In 2008, a wide-ranging suite of Federal reforms (Same-Sex Relationships (Equal Treatment in Commonwealth Laws-General Law Reform) Bill 2008) was passed to provide equal entitlements and responsibilities for same-sex couples in areas such as social security, employment, taxation and super. In the wake of these reforms, same-sex couples are treated in exactly the same way as a married or de facto heterosexual couple under the super rules.
On 8 December 2017, the Marriage Act 1961 was amended to redefine marriage as ‘a union of two people’. The reforms also introduced non-gendered language so the requirements of the Act apply equally to all marriages and enable same-sex marriages solemnised under the law of a foreign country to be recognised.

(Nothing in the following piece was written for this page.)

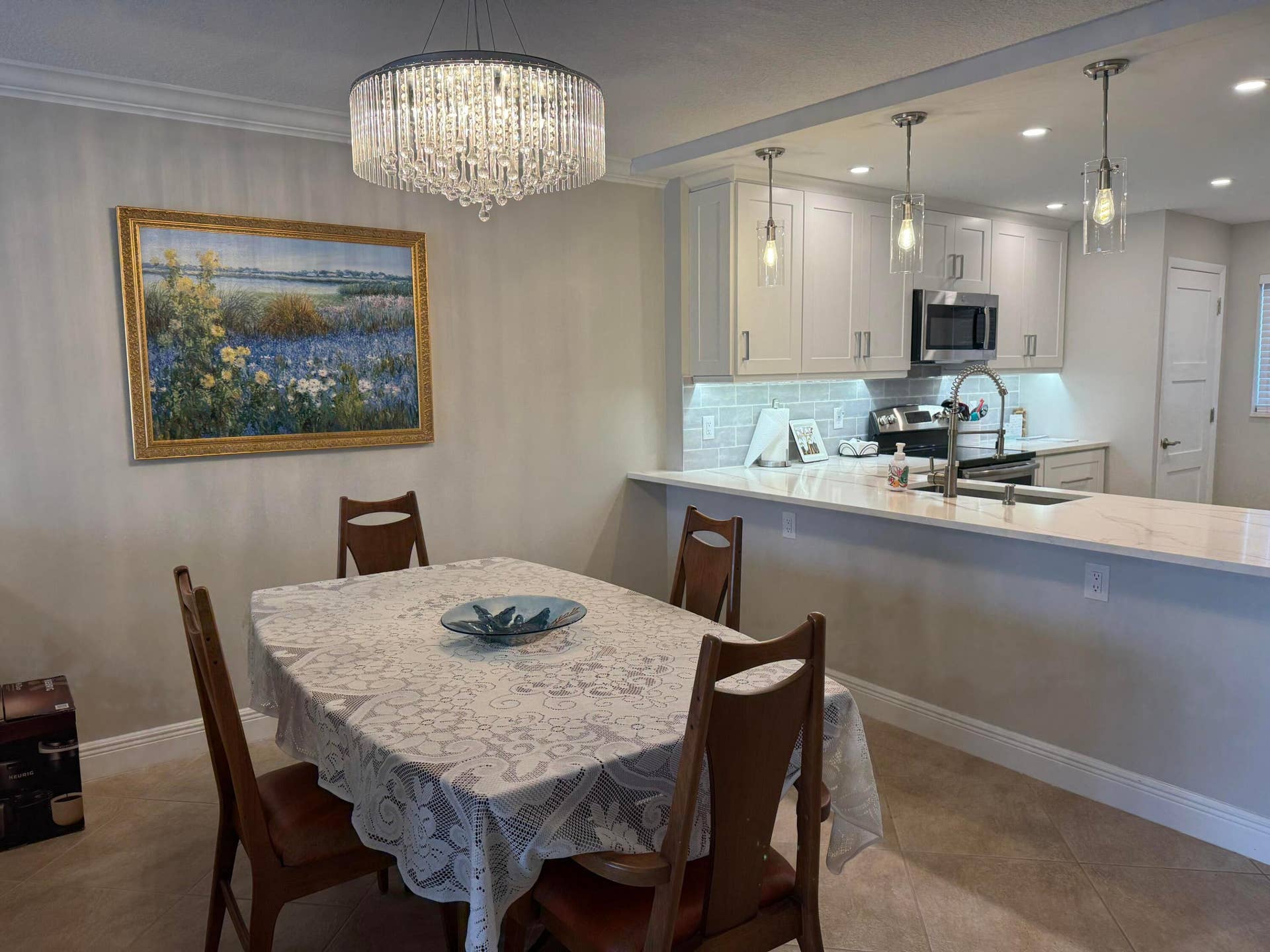 1523 E Hillsboro Boulevard, #334, Deerfield Beach, Deerfield Beach, FL 33441 dining room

Following the amendments to the Marriage Act, the ATO extended the definition of a spouse in taxation law to recognise de facto relationships and registered relationships. The ATO now defines a ‘spouse’ as another person (whether of the same sex or opposite sex) who:
- is in a relationship with you and that relationship is registered under a prescribed state or territory law
- although not legally married to you, lives with you on a genuine domestic basis in a relationship as a couple.
Couples and super: Warning, special rules apply
When you are part of a couple – whether it’s same-sex or heterosexual – there are some special rules that apply under the super legislation, particularly when it comes to making contributions, eligibility to your partner’s super benefits, SMSFs and divorce or separation.
1. Making super contributions
Important note: Both contribution splitting and spouse contributions are only available to couples (same-sex and heterosexual), but not single people or anyone who does not meet the ATO’s definition of a spouse (see above).
- Contributions splitting – Under the super rules, you can split your concessional (before-tax) super contributions with your spouse as a way to boost their super account balance. This involves applying to your super fund to transfer or rollover a portion of some of the contributions you recently made into your super account to your spouse’s super account. It’s important to remember that under the contributions splitting rules, if you split your concessional contributions with your spouse, the entire amount still counts towards your concessional contributions cap.
- Spouse contributions – If your spouse is earning less than $37,000 a year, you can top of their super account and claim a tax offset of up to $540 if you both qualify. If your spouse earns more than $37,000, but less than $40,000, you may receive a partial tax offset. There are a number of eligibility criteria for both partners to be able to receive the tax offset.
For more information on contribution splitting and spouse contributions, see SuperGuide article Contribution splitting: How to boost your spouse’s super.
Note: Contribution splitting is completely different to the splitting of super benefits in the event of a relationship breakdown, as it involves boosting your partner’s super account.
Super splitting on the other hand, involves dividing your super benefits with your partner if your relationship is dissolved.
2. Eligibility for death benefits
Same-sex partners now meet the legal definition of a spouse in both tax and super law, so in the event one member of a couple dies, the surviving partner will receive any super benefits as a death benefit and it will be tax-free if taken as a lump sum.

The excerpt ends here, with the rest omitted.